Many people seek help for sex addiction when their life is in disarray. Their spouse found out about their multiple affairs, they lost their jobs for watching pornography at work, or were arrested for solicitation. Others are not in crisis, but feel tired of living a double life, don't understand why they can't stop certain behaviors, or just want to make changes in their life.
I do not think there is only one path to healing. For example, there are multiple 12-step programs (based on the principles of Alcoholics Anonymous) that help thousands of people around the world. They can be a great complement to psychotherapy, and provide a space for people to open up and connect with others who have similar experiences. That said, 12-step programs are not for everyone and are not always a necessary requirement to address these issues.
While the addiction is not defined by the behaviors themselves, these behaviors can be problematic. They usually create painful shame for the people who engage in them, and immense suffering for those who love them. Shame is a feeling that thrives in the darkness, so shedding light on it is a big part of the process. This needs to happen in a sex-positive environment, free of any moral judgements, open to the person's experiences, and attentive to their wishes, preferences, and vision for themselves.

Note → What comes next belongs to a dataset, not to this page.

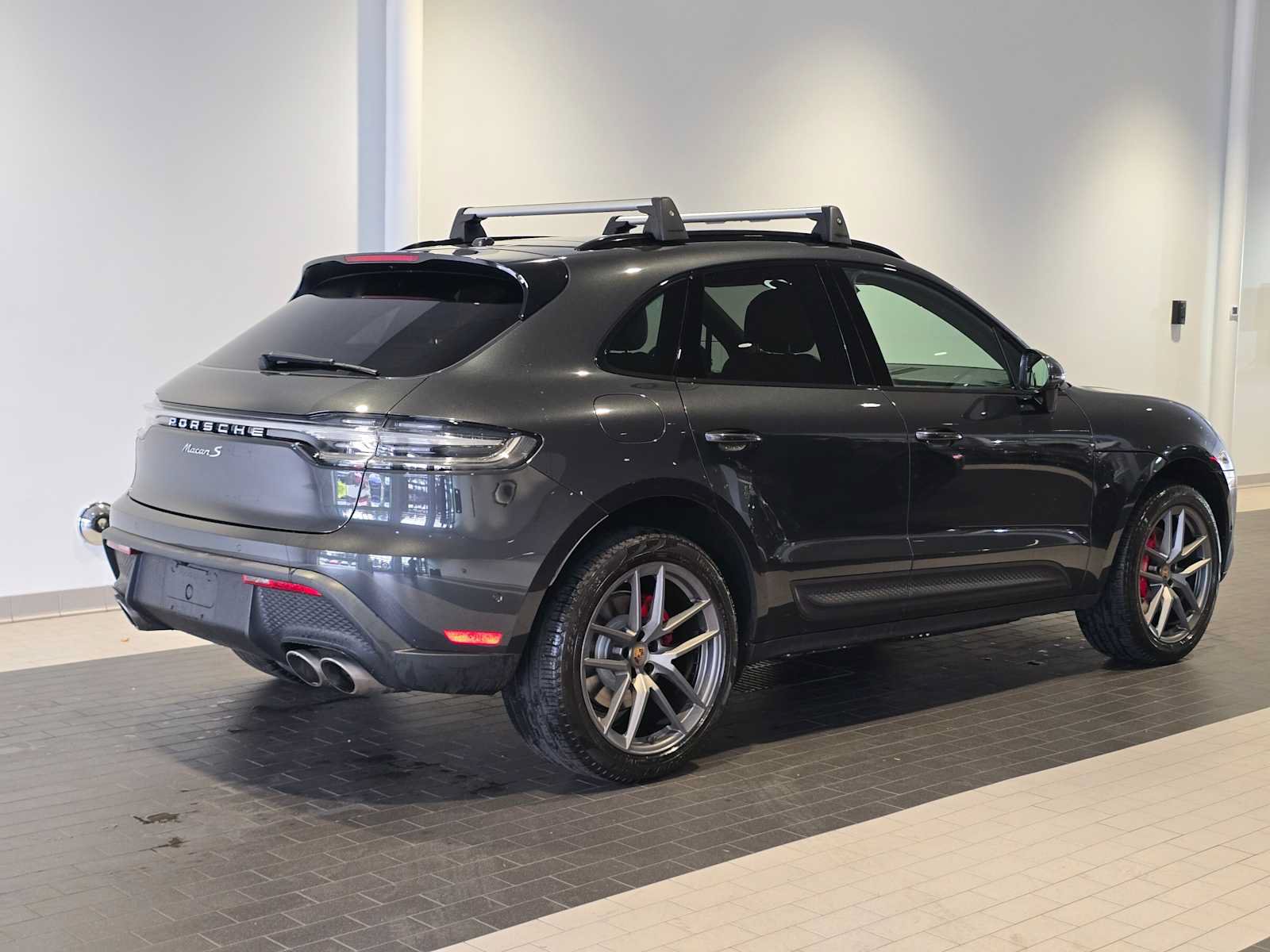 Used 2023 Porsche Macan S AWD/4WD image 7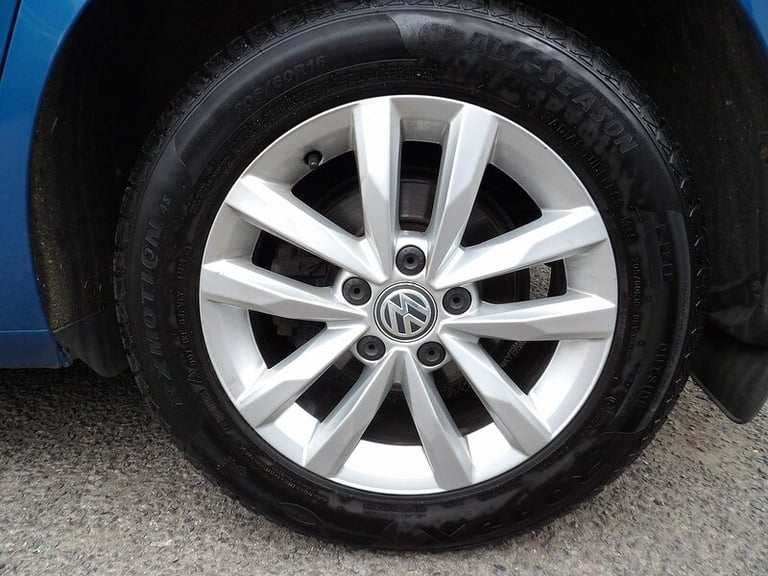 2018 Volkswagen Touran 2.0 TDI SE Family 5dr DSG MPV DIESEL Automatic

The behaviors are usually the symptom of something else, so focusing on them can be necessary but it is not enough. It is equally important to address the underlying issues. These might include shame about our sexual preferences or behaviors, identity and orientation issues, unprocessed traumatic experiences, mistrust or fear of others, and difficulties with intimacy in relationships.
Therapy is not only about modifying certain behaviors. Treatment is also about understanding why the addictive behaviors became a way to cope with reality, becoming aware of the role they play in the our life, letting go of shame and hopelessness, and regaining our capacity to have intimate relationships. Recovery does not mean not having sex, or having only a specific kind of sex. The goal is to work through the relationship we have with sex and develop a lasting understanding and experience of healthy sexuality.